There’s no hard-and-fast definition of “affordable housing,” but there is a national standard that comes pretty close. According to that rule of thumb, if a person pays less than 30 percent of his or her income toward housing, it’s considered affordable. If he or she pays more than that, it’s unaffordable.

In the Washington PostEmily Badger points out one problem with this formula: It doesn’t account for transportation costs. If your rent is just $500 a month but you’re spending close to $10,000 a year on car payments and gas to get to the office from the suburbs, you’re not really better off than someone who pays $1,200 a month in rent but can walk to work. Badger approvingly cites a different affordability threshold from the Center for Neighborhood Technology. CNT’s affordability cap is 45 percent, and it includes both housing and transportation.

The map above shows which D.C. neighborhoods meet this threshold for households with the region’s median income. Light colors indicate that most households are under the 45 percent cap; dark colors mean most households are above it. In the District, the housing-plus-transportation measure hews closely to a simply housing measure, since housing costs tend to be a lot higher than transportation costs. Neighborhoods with expensive housing are largely unaffordable, while cheaper neighborhoods are more affordable, although there are a couple of spots with poor transit connections that are a bit less affordable than you might otherwise expect.

But zoom out to the regional level, and the formula changes:

Even though housing in the District is, by and large, more expensive than housing in the suburbs, many suburbs are less affordable than the District, particularly the outer ones, because it’s a lot more expensive to get around and commute to work.

This measure is certainly more complete than the simple 30 percent threshold. But it, too, suffers from a fatal flaw, one that colors how we think about affordable housing.

On my post yesterday, a commenter wrote:

The logic breaks down here Aaron, proving that the title of this story is incorrect. Row #3 is the critical row of data, as it pertains directly to the definition of affordability from the regulations — what percentage of one’s income is one paying for renting a 1-bedroom unit (burden). DC residents are paying 14% more than what is legally considered affordable in the District. So no, DC is not more affordable than Baltimore or Philly and is in fact on average unaffordable.

The commenter was referring to millennials’ “rent burden.” In D.C., according to the Office of Revenue Analysis, the median millennial household spends 44 percent of its earnings on rent—a higher figure than in Baltimore or Charlotte, and above the 30 percent limit. The commenter is completely correct in pointing out that by our standard measure, that means the District’s typical millennial can’t afford his or her rental housing.

But that’s just because our standard measure is problematic. Think of it this way.

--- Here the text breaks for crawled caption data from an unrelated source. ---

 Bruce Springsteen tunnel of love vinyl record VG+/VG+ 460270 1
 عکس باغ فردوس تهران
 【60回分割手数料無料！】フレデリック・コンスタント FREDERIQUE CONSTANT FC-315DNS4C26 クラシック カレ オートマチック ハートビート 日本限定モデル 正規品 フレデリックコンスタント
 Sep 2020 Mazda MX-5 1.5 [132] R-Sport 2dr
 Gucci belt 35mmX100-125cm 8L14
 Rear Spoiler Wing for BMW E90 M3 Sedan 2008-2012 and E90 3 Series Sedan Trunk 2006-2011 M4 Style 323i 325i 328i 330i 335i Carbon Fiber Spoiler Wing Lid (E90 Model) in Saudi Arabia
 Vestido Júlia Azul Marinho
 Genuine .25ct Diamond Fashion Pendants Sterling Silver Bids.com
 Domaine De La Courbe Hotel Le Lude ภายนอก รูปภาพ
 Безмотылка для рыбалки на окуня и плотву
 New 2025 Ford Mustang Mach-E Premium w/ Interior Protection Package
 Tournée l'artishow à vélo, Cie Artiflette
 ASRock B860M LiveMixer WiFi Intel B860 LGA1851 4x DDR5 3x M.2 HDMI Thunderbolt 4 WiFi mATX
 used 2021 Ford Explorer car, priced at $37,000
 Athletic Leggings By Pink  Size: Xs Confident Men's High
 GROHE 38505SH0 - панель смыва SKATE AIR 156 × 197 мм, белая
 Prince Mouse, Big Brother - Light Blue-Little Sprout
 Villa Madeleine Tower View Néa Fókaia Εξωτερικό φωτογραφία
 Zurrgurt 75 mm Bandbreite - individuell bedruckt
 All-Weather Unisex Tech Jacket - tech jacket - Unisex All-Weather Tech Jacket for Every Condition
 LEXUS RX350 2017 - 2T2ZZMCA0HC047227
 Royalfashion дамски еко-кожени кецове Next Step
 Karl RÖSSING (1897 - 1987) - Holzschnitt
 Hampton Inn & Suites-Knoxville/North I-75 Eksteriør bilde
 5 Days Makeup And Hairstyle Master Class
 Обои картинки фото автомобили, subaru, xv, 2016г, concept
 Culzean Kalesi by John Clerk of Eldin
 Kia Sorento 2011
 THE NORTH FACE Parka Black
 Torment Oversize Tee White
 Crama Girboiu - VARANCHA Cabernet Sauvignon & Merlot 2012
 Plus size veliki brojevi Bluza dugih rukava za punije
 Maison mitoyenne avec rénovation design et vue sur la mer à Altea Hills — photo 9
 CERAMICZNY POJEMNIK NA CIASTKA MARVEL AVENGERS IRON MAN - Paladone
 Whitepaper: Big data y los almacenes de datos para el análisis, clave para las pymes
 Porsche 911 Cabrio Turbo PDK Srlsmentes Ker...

Let’s take two hypothetical people, Bernardo and Bernadette. Bernardo makes $2 million a year and spends half of it, or $1 million, on housing. Bernadette makes $20,000 a year and spends just a quarter of it, or $5,000, on housing. According to the golden rule of affordability, Bernardo’s housing is unaffordable, and Bernadette’s is affordable. But of course that’s ridiculous: Bernardo has $1 million left over to spend on other things, while Bernadette has just $15,000. Bernardo will have no trouble getting by in the District with that disposable income, while Bernadette will struggle mightily, particularly if she has kids. (For simplicity’s sake, I’m not factoring in taxes here; even though they’ll take a bigger chunk out of Bernardo’s paycheck, he’ll still be just fine.)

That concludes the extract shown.